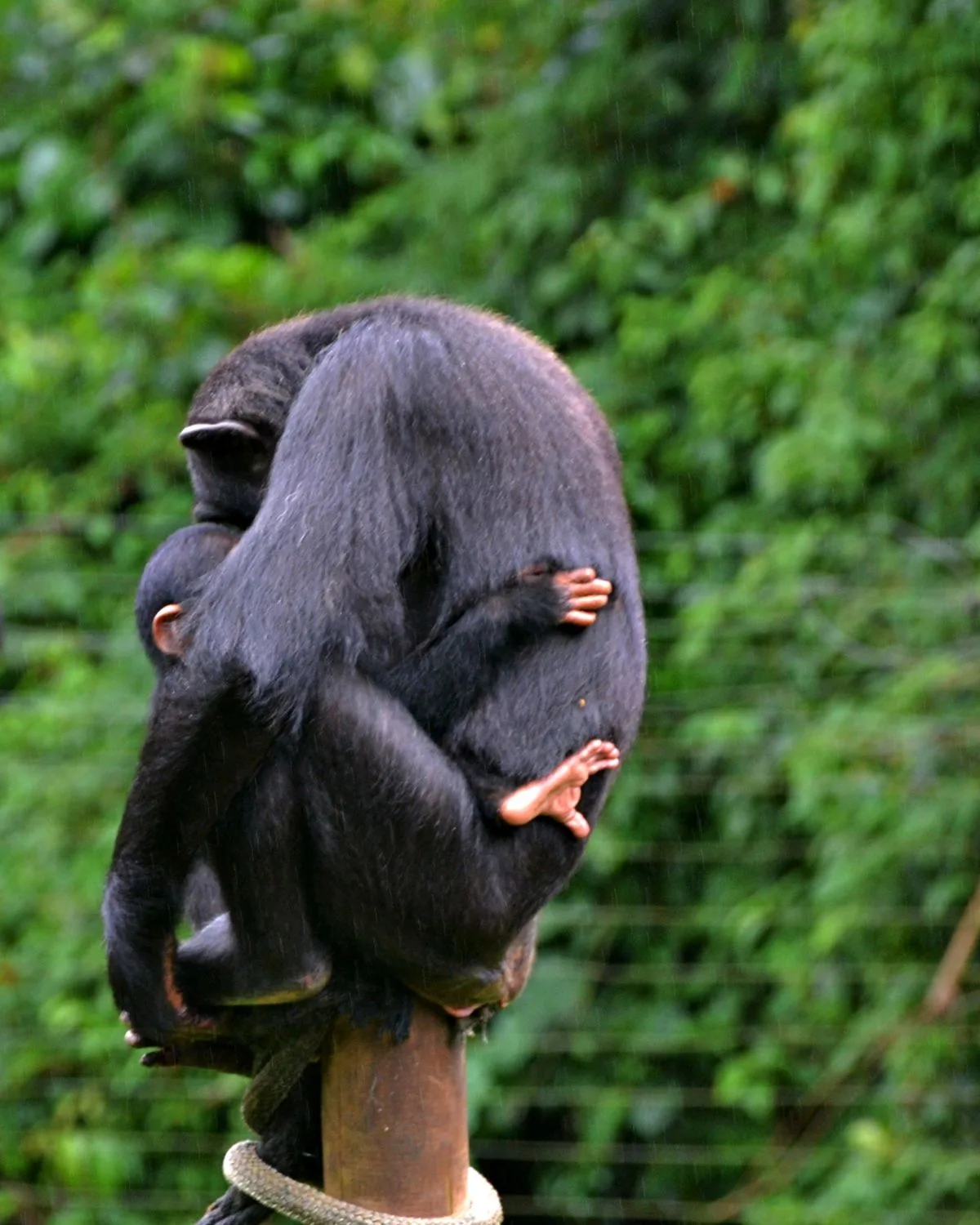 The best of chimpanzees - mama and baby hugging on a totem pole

§

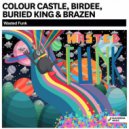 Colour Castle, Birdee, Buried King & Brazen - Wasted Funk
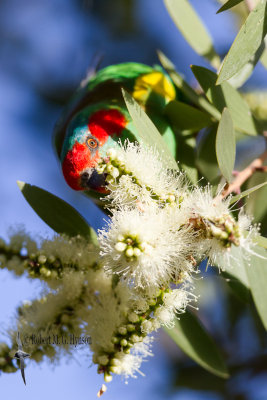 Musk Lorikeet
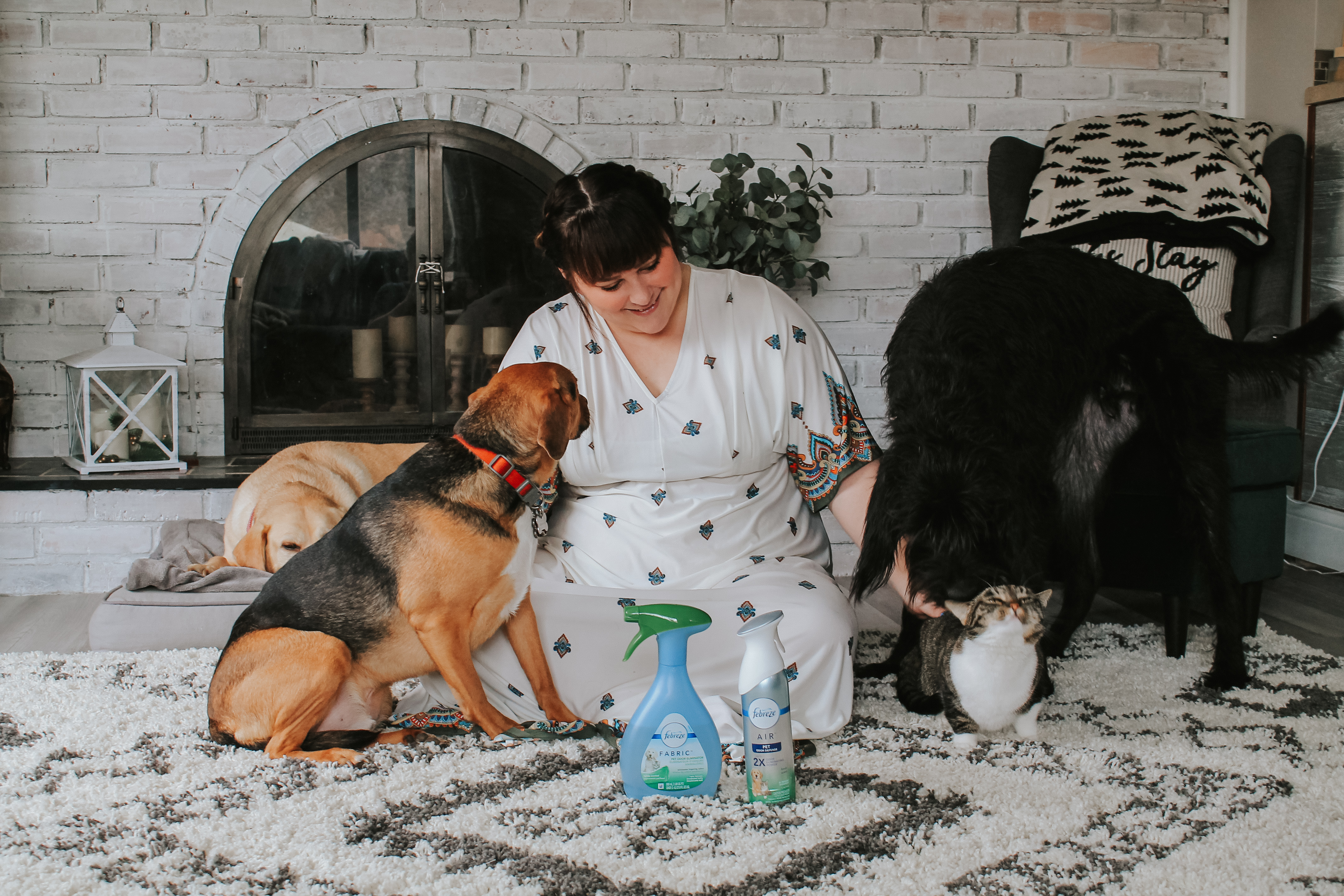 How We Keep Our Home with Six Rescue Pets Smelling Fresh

§

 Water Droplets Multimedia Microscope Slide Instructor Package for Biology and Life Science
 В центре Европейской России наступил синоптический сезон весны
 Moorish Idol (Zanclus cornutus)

§

Write back the stretch of lines above that begins with the line holding "Musk Lorikeet" and ends with the line holding "How We Keep", both included, exactly as written. Pictures stay out.

SOLUTION TO THIS PROBLEM:
 Musk Lorikeet
 How We Keep Our Home with Six Rescue Pets Smelling Fresh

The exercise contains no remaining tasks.